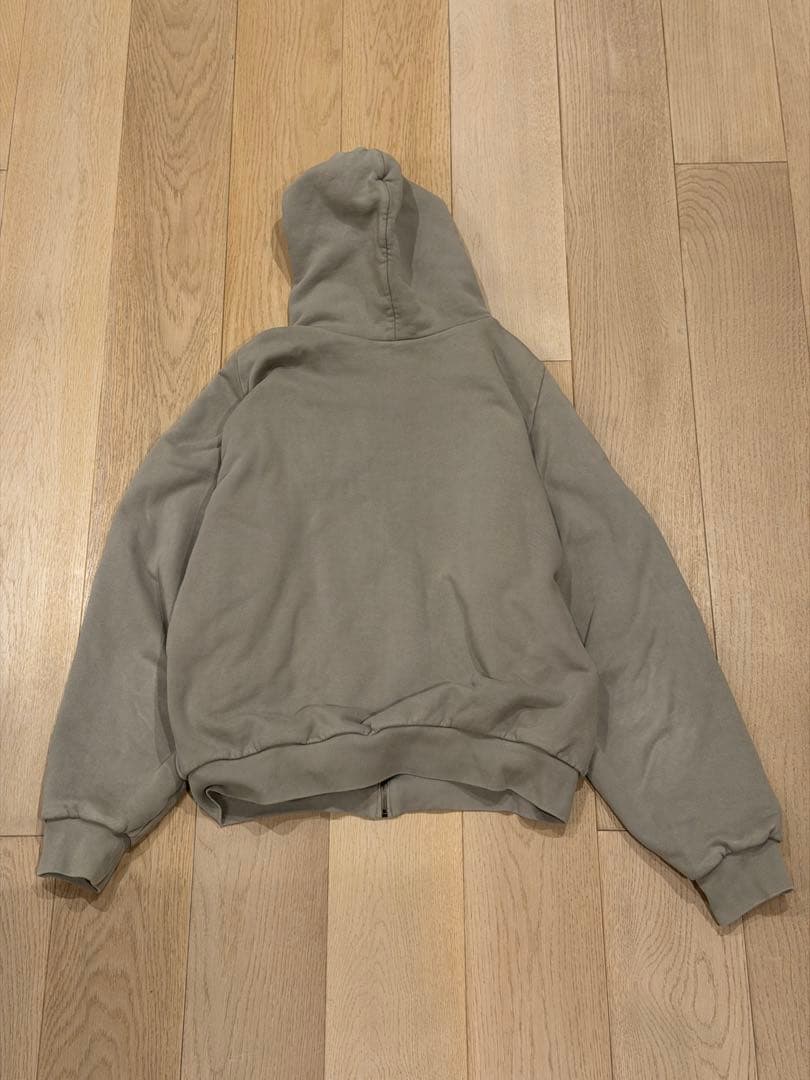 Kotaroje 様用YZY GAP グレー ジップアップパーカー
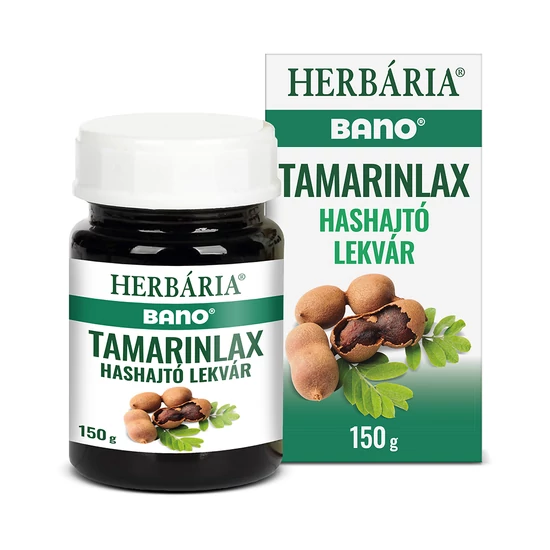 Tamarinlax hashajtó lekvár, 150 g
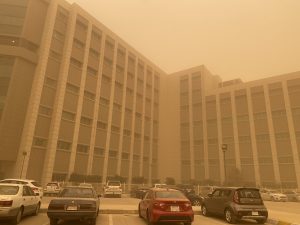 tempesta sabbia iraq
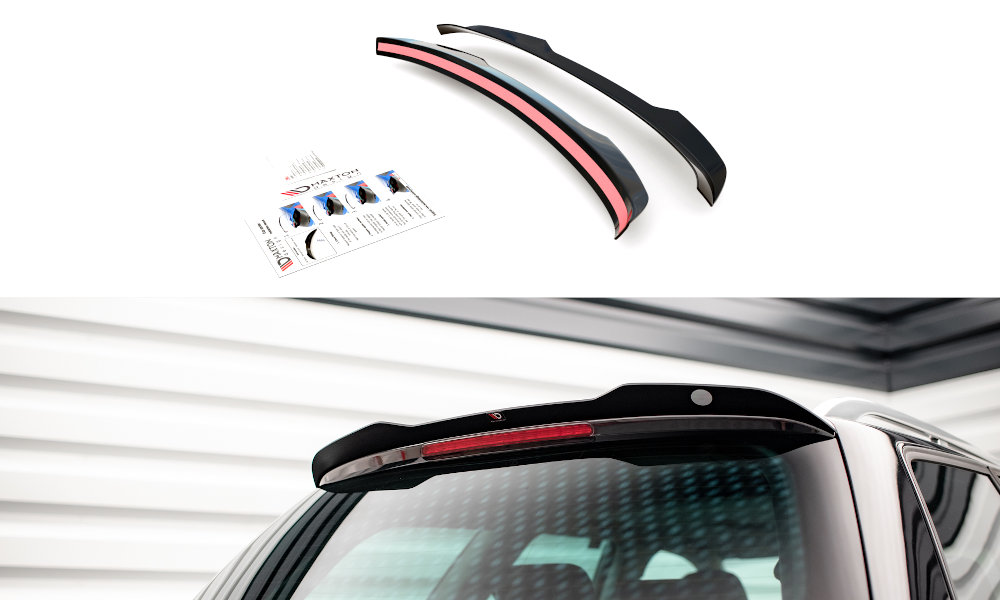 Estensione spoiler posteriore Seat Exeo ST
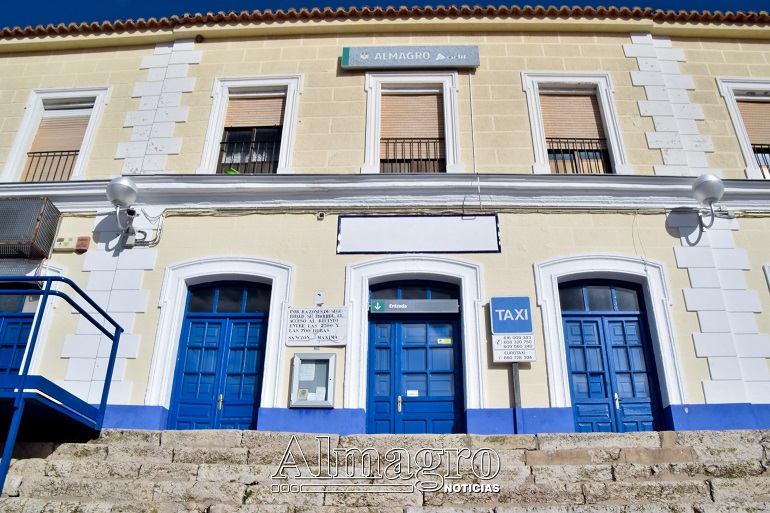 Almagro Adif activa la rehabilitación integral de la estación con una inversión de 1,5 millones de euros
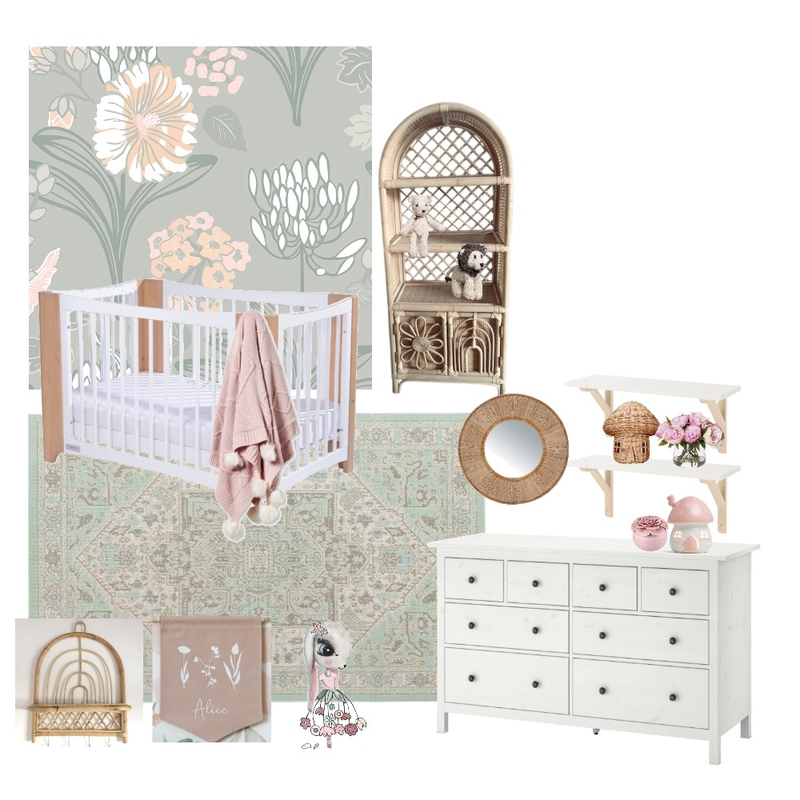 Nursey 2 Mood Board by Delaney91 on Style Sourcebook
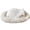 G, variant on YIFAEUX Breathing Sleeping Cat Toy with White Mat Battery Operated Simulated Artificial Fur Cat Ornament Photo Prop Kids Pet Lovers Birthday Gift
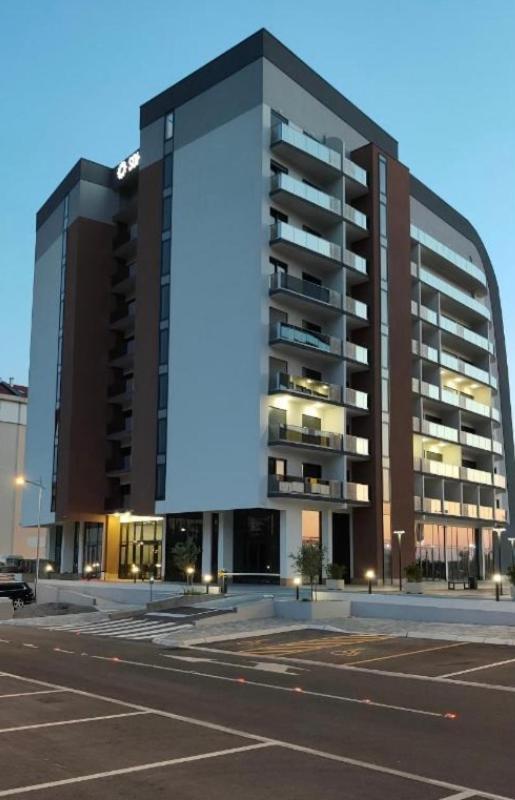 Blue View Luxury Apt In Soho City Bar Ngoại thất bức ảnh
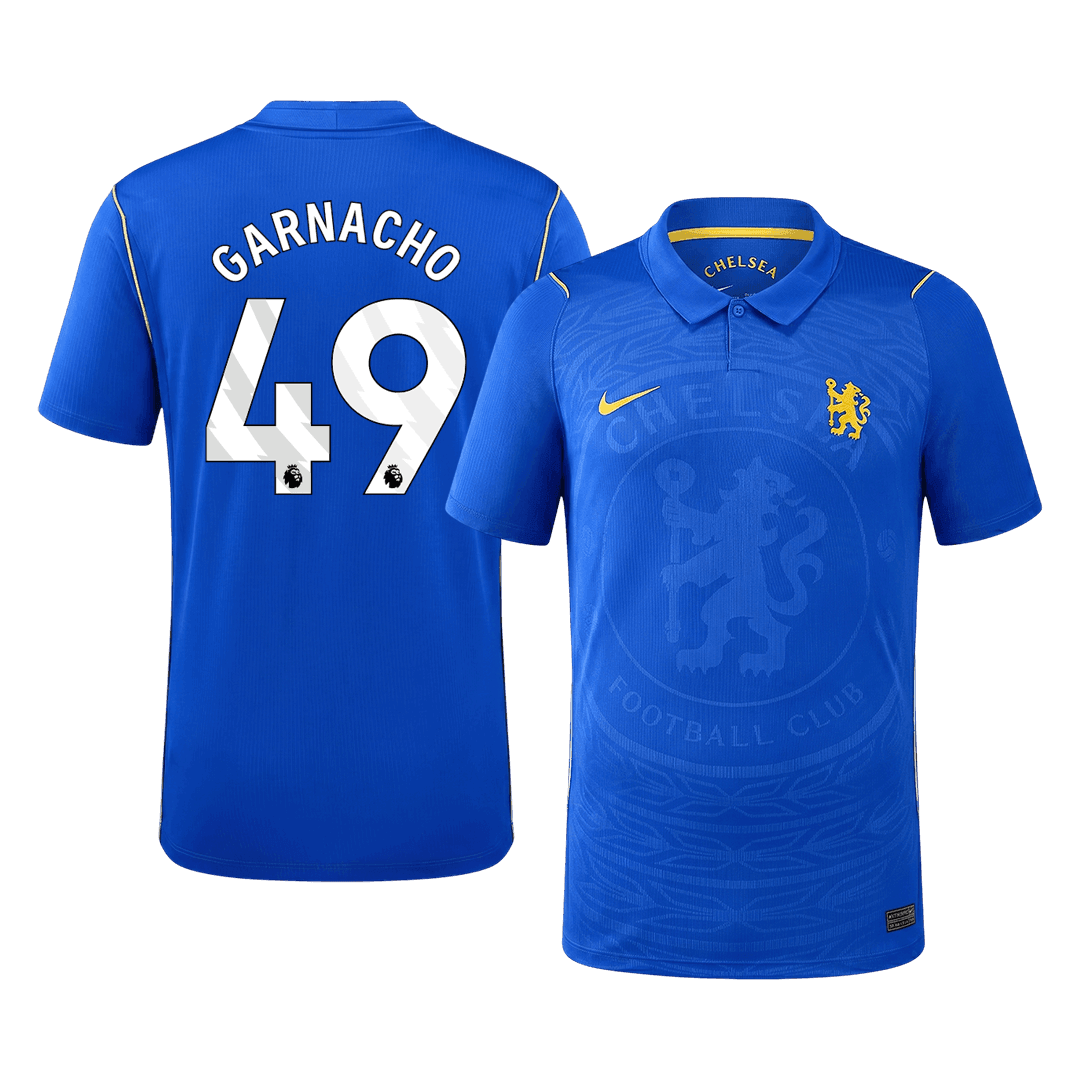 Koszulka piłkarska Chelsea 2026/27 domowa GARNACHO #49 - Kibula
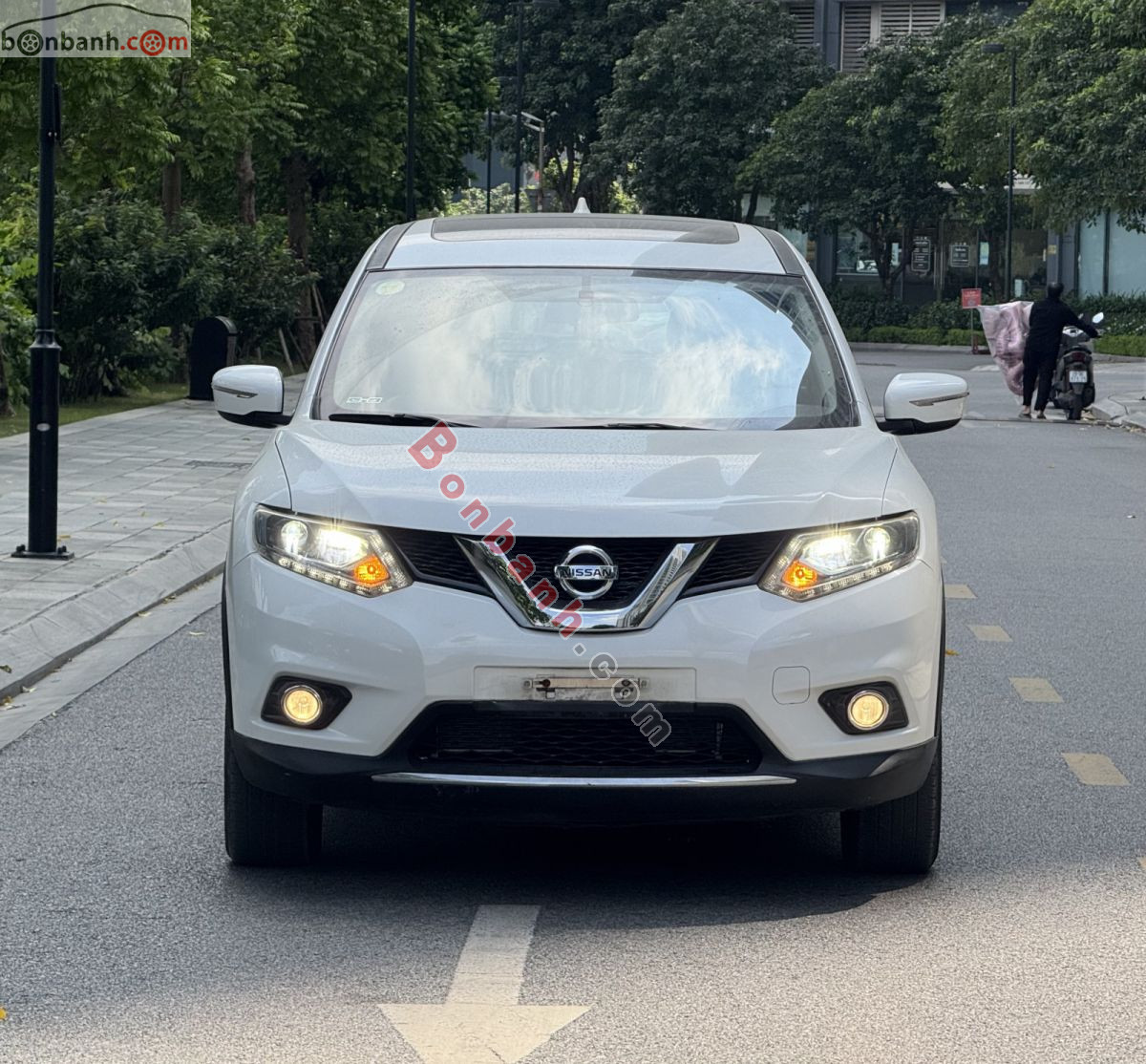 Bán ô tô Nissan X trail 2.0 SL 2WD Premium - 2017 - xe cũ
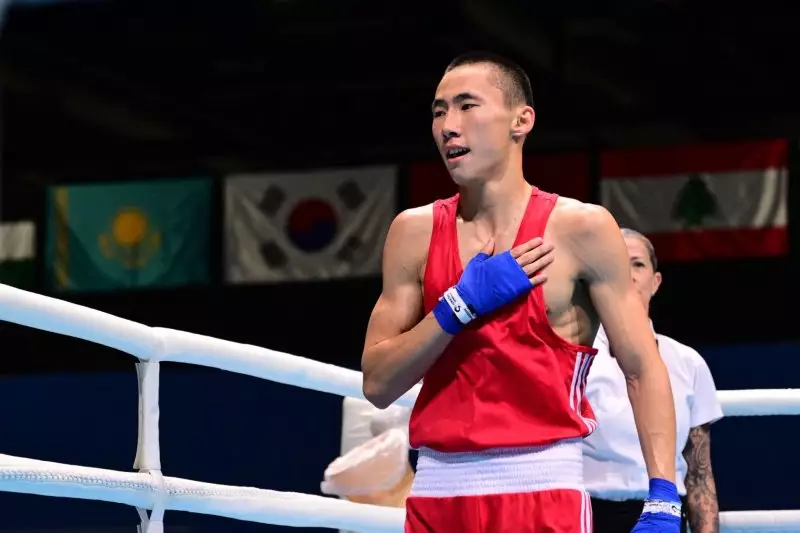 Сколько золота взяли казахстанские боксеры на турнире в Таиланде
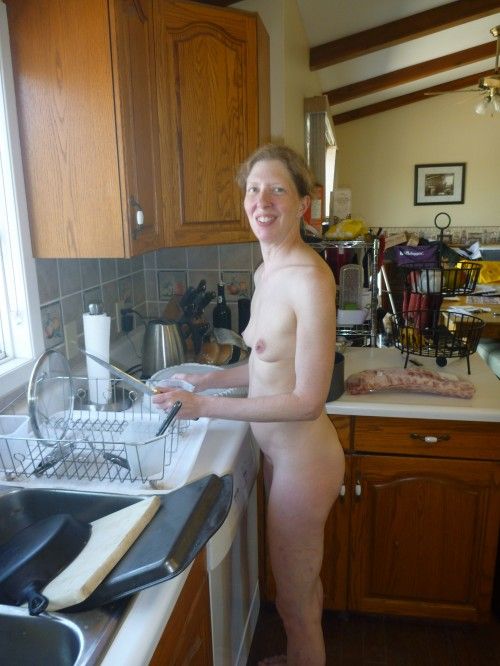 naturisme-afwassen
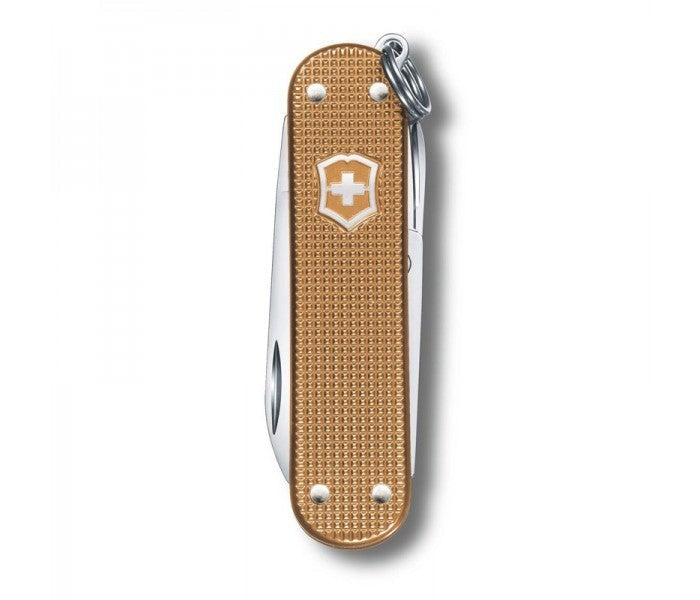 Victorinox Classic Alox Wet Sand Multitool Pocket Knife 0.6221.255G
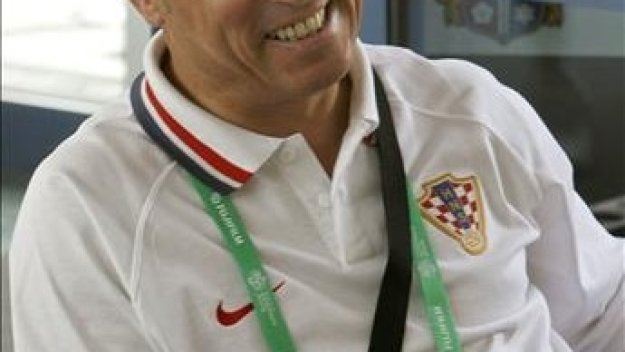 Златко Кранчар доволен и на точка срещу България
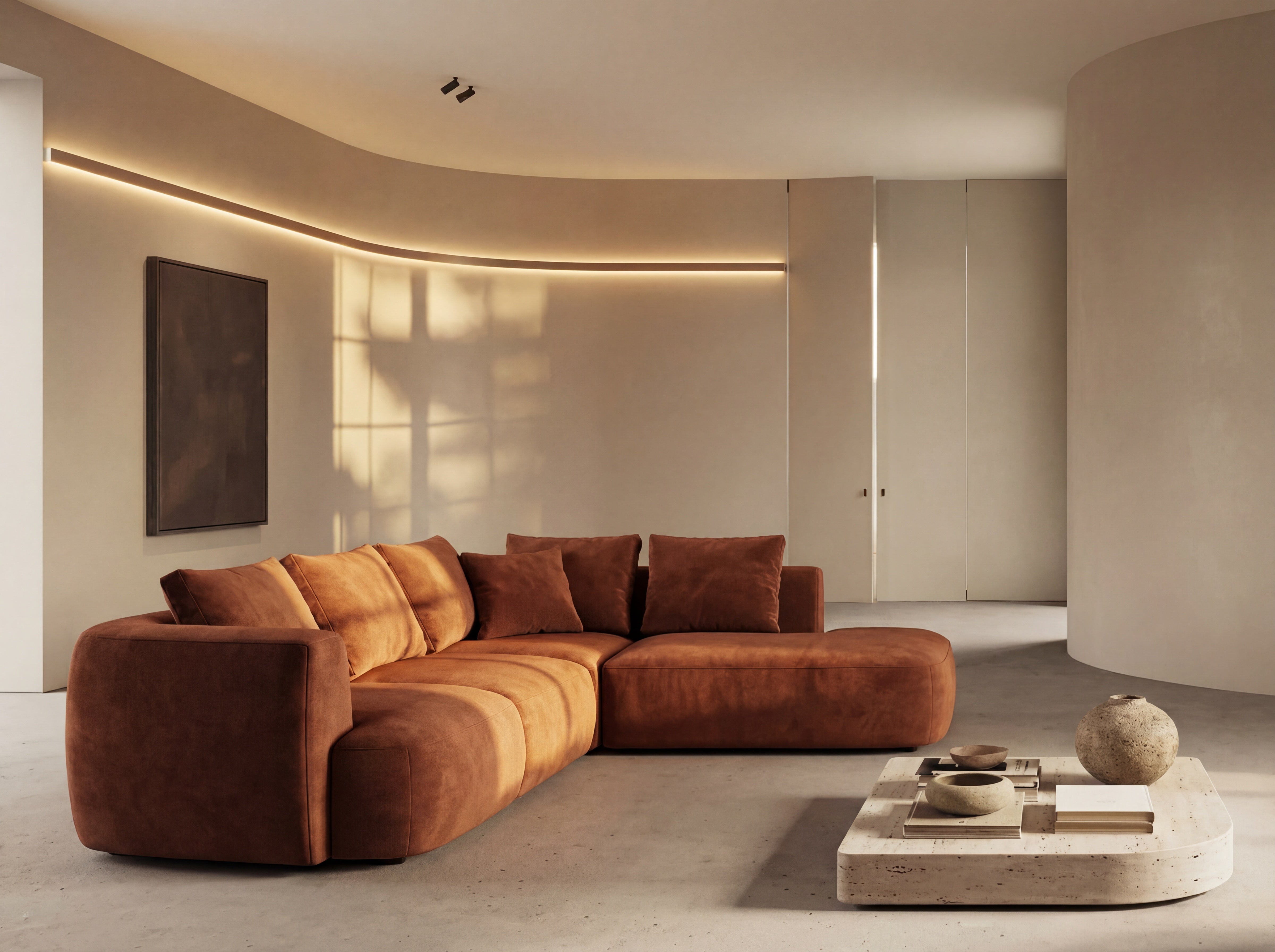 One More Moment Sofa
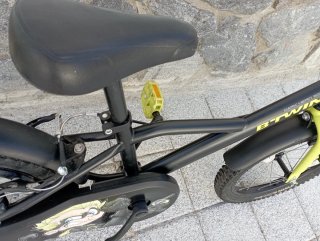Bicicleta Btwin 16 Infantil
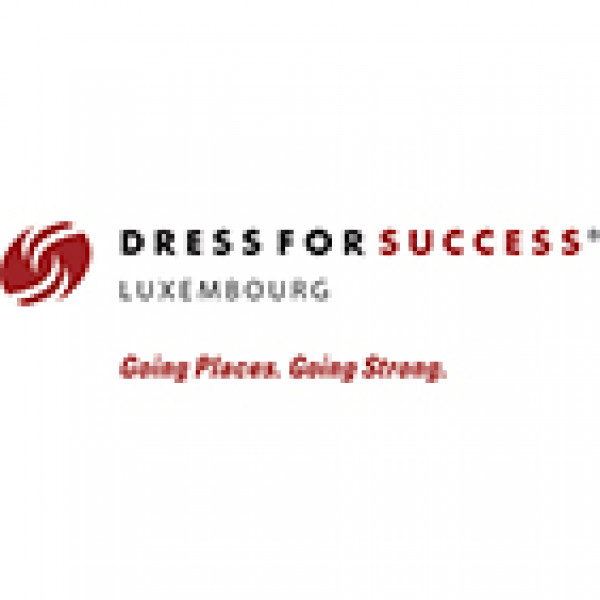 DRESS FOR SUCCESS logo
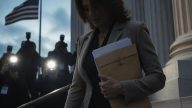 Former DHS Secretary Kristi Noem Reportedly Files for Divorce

**How to complete this task:**
Only the lines from the line holding "Victorinox Classic Alox" through the last line above belong in the answer, repeated exactly; the pictures do not.

**Task result:**
 Victorinox Classic Alox Wet Sand Multitool Pocket Knife 0.6221.255G
 Златко Кранчар доволен и на точка срещу България
 One More Moment Sofa
Bicicleta Btwin 16 Infantil
 DRESS FOR SUCCESS logo
 Former DHS Secretary Kristi Noem Reportedly Files for Divorce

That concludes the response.